Plus rien ne s’opposait à un déploiement mondial de cette théorie qui consiste à donner le pouvoir à l’économie et à ramener les États au seul rôle d’appui au néolibéralisme. Et depuis les choses ont évolué…

Après que la politique eut été remplacée par l’économie, maintenant même celle-ci, pour pouvoir gouverner, devra être intégrée dans le nouveau paradigme de biosécurité, auquel toutes les autres exigences devront être sacrifiées, résume Patrick Zylbermann.

 Cette politique économique a engendré d’énormes injustices sociales alors que le capital s’est enrichi d’une manière éhontée. La théorie du « ruissellement » chère aux tenants de l’école de Chicago, a été totalement disqualifiée au fil du temps. La disparition ou le fort amoindrissement de l’« État social » qui protégeait jusqu’alors les plus faibles, la liquidation par ces mêmes gouvernements des lois de protection du travail, suscitent des colères sociales.

Cela a conduit à de nombreuses mobilisations populaires, surtout dans la jeunesse. Des mouvements comme ceux des « indignés » ou d’Occupy Wall Street (OWS) ou Occupy New York (en français : « Occupons Wall Street/New York »), mouvement de manifestation de contestation pacifique dénonçant les abus du capitalisme financier, commencent à inquiéter les dirigeants économiques et politiques dans le monde entier.

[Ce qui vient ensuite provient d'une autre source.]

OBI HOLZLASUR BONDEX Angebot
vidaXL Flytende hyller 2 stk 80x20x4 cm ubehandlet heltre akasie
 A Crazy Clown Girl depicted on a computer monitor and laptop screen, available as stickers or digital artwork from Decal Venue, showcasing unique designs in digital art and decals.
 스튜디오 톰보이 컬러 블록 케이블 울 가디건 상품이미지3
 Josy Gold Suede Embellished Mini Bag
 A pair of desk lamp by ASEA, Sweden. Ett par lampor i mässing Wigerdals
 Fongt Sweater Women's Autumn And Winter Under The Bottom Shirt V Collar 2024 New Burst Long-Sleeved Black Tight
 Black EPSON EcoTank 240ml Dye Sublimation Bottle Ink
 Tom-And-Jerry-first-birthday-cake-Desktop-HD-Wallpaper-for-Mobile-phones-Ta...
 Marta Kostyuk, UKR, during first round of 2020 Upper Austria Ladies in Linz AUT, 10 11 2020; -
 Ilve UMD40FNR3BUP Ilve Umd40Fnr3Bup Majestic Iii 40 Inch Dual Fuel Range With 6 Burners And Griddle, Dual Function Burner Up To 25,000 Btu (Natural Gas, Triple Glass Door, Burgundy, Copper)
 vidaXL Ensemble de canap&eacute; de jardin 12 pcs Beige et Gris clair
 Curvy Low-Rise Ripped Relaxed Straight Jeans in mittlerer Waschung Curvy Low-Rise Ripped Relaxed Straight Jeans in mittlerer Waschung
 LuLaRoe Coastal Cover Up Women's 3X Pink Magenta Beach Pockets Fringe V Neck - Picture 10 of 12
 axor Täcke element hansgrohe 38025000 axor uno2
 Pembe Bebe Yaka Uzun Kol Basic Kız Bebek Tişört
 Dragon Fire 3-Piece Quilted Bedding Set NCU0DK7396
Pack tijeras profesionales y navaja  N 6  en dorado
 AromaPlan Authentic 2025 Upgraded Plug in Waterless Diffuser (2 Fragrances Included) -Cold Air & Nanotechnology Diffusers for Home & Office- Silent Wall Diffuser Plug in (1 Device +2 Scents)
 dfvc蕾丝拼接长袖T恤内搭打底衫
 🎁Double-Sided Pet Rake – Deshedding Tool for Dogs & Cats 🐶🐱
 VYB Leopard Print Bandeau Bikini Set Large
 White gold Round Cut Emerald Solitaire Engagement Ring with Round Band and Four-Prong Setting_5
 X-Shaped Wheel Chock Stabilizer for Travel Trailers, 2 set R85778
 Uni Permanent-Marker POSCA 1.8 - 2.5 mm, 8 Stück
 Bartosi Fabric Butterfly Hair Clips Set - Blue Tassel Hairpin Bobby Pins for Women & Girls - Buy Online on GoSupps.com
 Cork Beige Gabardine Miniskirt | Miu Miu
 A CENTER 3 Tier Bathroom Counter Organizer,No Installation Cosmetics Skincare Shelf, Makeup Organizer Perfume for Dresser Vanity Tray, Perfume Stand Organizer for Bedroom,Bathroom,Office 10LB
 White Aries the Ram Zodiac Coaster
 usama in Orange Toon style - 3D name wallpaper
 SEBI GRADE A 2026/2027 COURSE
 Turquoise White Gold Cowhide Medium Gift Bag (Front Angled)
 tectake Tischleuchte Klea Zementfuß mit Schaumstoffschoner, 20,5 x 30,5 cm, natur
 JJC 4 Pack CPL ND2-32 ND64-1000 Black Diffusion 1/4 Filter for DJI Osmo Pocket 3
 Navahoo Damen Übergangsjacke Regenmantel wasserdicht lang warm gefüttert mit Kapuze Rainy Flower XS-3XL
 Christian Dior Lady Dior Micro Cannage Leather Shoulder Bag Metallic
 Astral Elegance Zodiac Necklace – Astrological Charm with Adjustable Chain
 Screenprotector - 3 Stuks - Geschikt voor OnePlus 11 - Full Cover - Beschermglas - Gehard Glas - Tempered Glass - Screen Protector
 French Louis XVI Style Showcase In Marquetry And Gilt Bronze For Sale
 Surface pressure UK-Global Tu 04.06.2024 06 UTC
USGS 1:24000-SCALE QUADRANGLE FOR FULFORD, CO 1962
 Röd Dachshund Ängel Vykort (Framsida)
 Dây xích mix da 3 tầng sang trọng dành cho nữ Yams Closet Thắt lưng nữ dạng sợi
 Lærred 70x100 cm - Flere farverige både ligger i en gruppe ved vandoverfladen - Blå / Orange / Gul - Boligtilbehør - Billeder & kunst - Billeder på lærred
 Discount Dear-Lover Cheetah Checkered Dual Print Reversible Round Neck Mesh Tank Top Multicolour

Car c’est bien tout le système capitaliste qui devient l’accusé et les anciennes recettes pour redorer son blason (redistribution des richesses, élargissement des droits et libertés, législation sociale améliorant le sort des plus pauvres, perspectives d’évolution des classes moyennes…) ne fonctionnent plus. En outre, une prise de conscience que ce système économique conduit à une surexploitation des ressources de la terre (ce que Marx avait déjà dénoncé fin du 19e siècle !) a généré une prise de conscience politique inédite.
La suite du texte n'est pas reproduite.